Dean looked at you then, really looked at you, and you saw something crumble behind his eyes.
"You could have been killed," he said, and his voice was hollow. "Again."
"But I wasn't. And neither were you."
"That's not the point." Dean struggled to sit up, wincing as the movement aggravated what was probably a concussion. "The point is that I can't—" He stopped, swallowed hard, started again. "I can't keep doing this. I can't keep failing to protect you."
The words hit you like a physical blow. "You haven't failed—"
"Haven't I?" Dean laughed bitterly. "You've been hurt, terrorized, nearly killed more times than I can count. You don't listen to me, you don't trust me to keep you safe, and apparently I can't even remember your goddamn birthday."
The raw pain in his voice made your chest tight. "Dean—"
"I'm scared of you," he said suddenly, the words tumbling out like a confession. "Do you understand that?
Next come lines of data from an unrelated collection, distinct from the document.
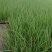 优质长白大葱苗葱苗常年大批量供货【基地直供】保质保量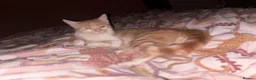 Mixed Breed cats for sale: 7 months old kitten  - Advert 1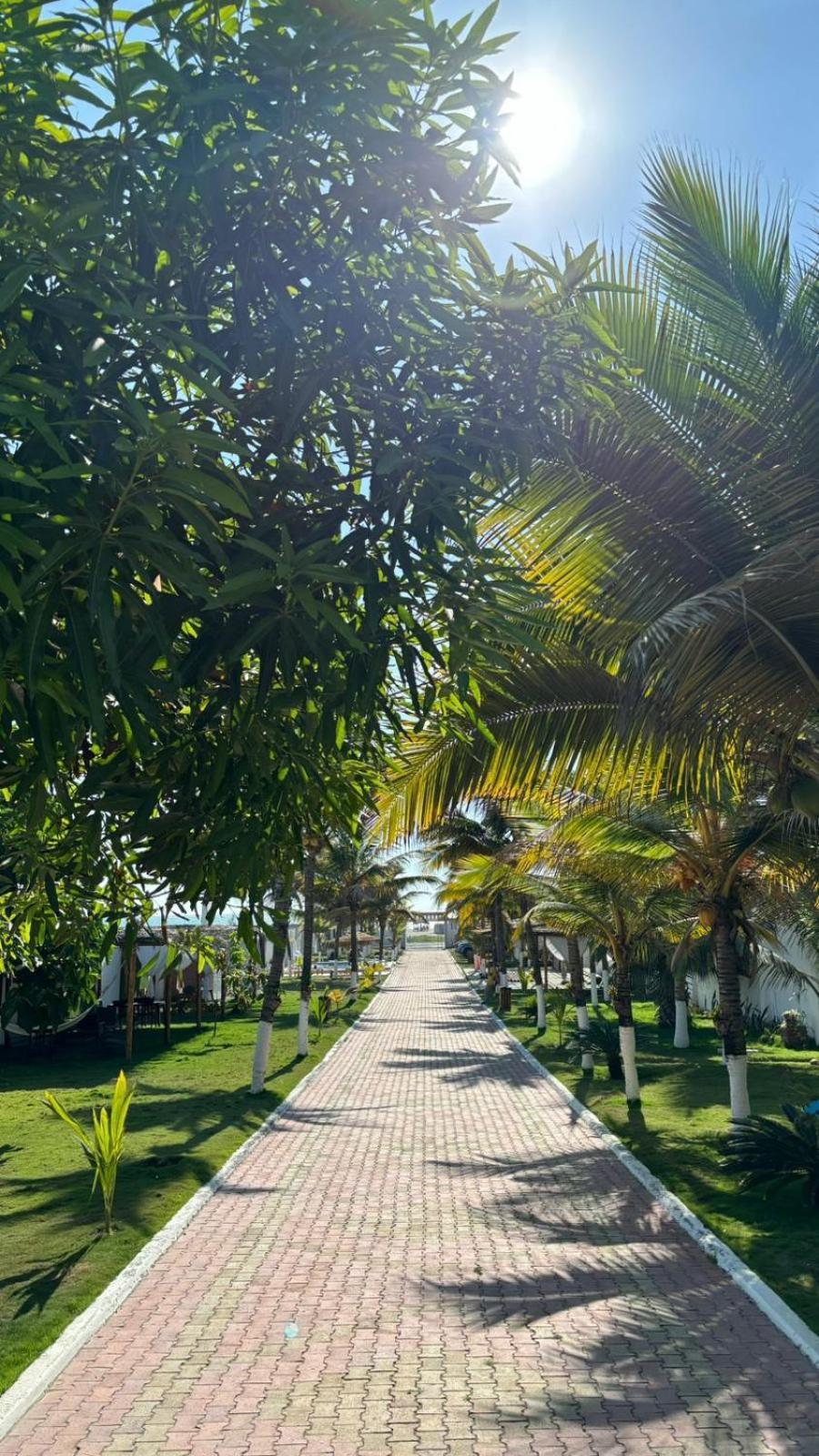 Hotel La Mar Playas Kültér fotó
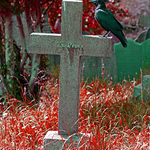 All-Hallow's Eve approaches.............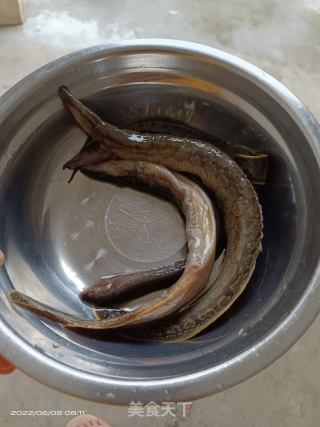沙虫干贝刀鳅黄鳝粥的做法步骤：1
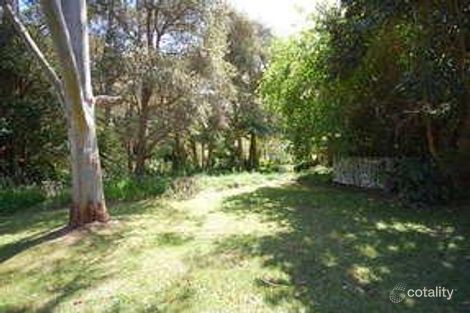Property photo of 117 The Round Drive Avoca Beach NSW 2251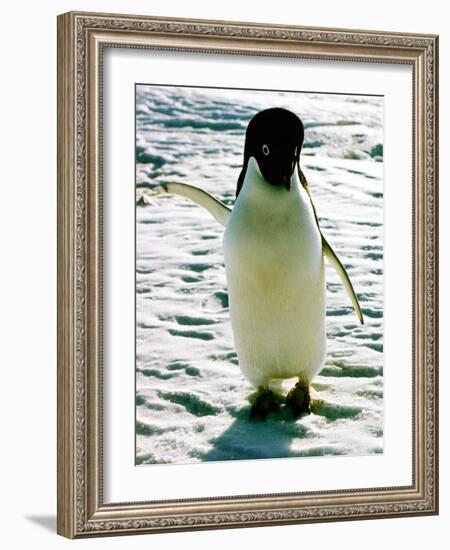 Penguin on the Ice Floe-null-Framed Photo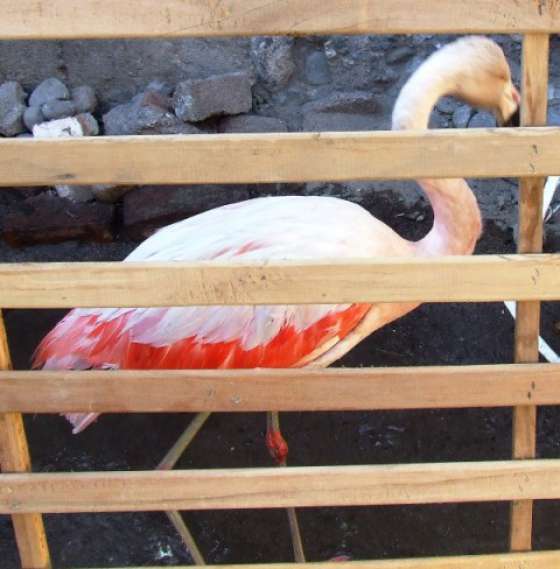 El Gobierno procura evitar el mascotismo de animales silvestres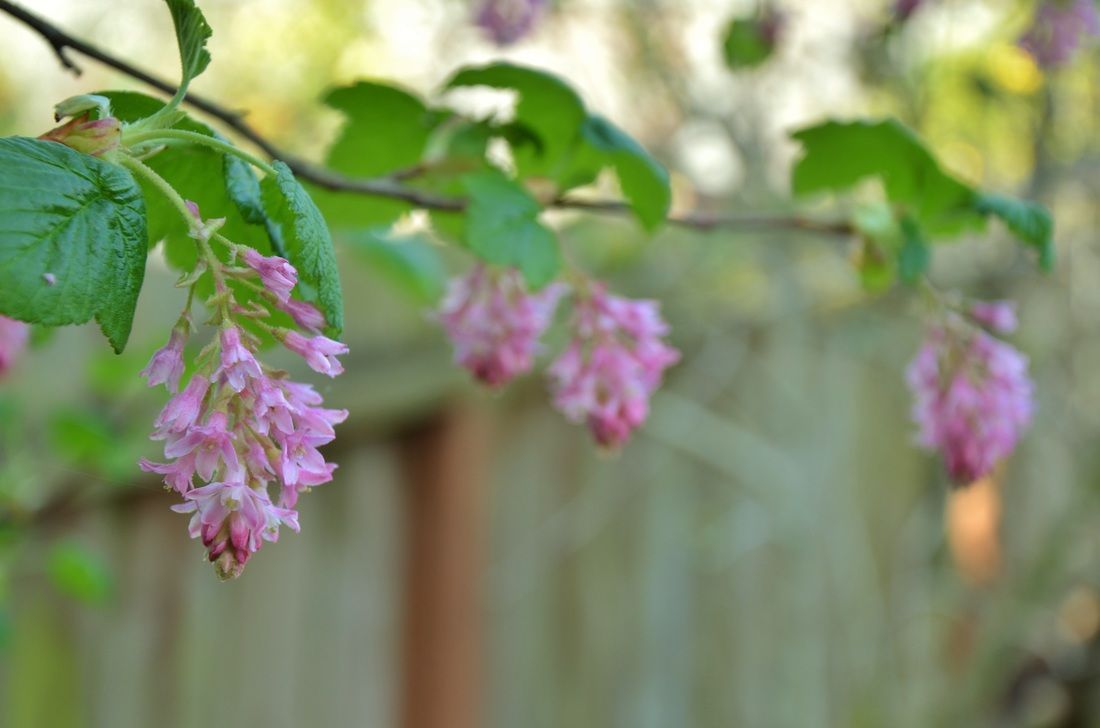 A bunch of pink flowers are hanging from a tree branch.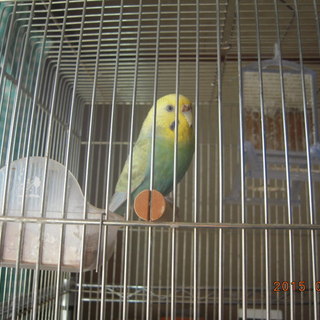 インコの里親募集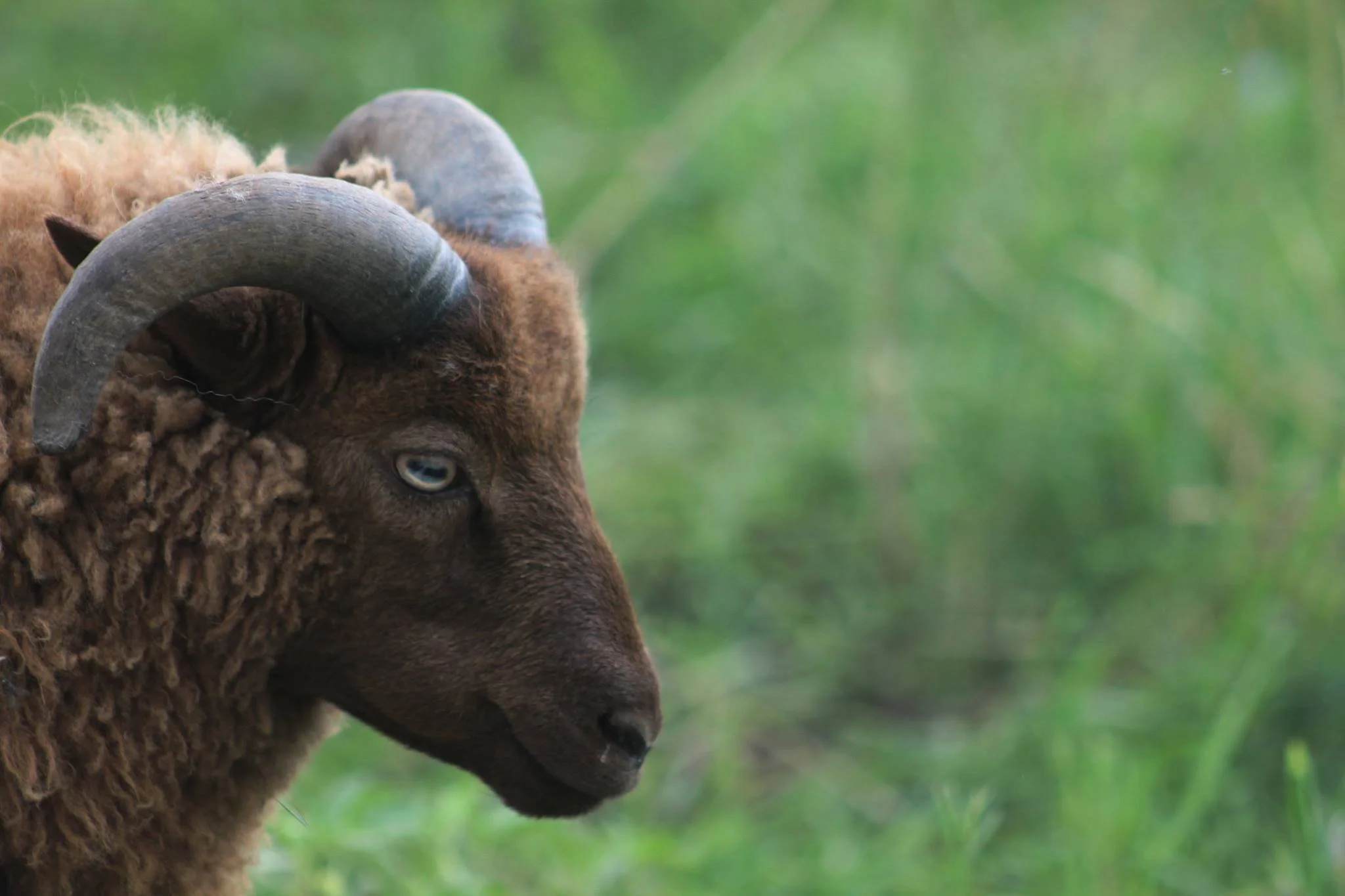 moorit ram.jpg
I'm scared of my own sister because every time I look at you, I see another way I'm going to fail. Another person I'm going to let down."
The silence that followed was deafening. You stared at your brother—your guardian, your protector, the person who'd been your whole world—and realized that somewhere along the way, you'd become his nightmare.
"I never wanted that," you whispered.
"I know." Dean's voice was barely audible. "But that's what happened anyway."
You both sat with that truth for a long moment, the weight of years of fear and misunderstanding pressing down like a physical presence.
"So what happens now?" you asked.
Dean was quiet for so long you thought he might not answer. When he finally spoke, his voice was raw with exhaustion.
"I don't know, kiddo. I honestly don't know."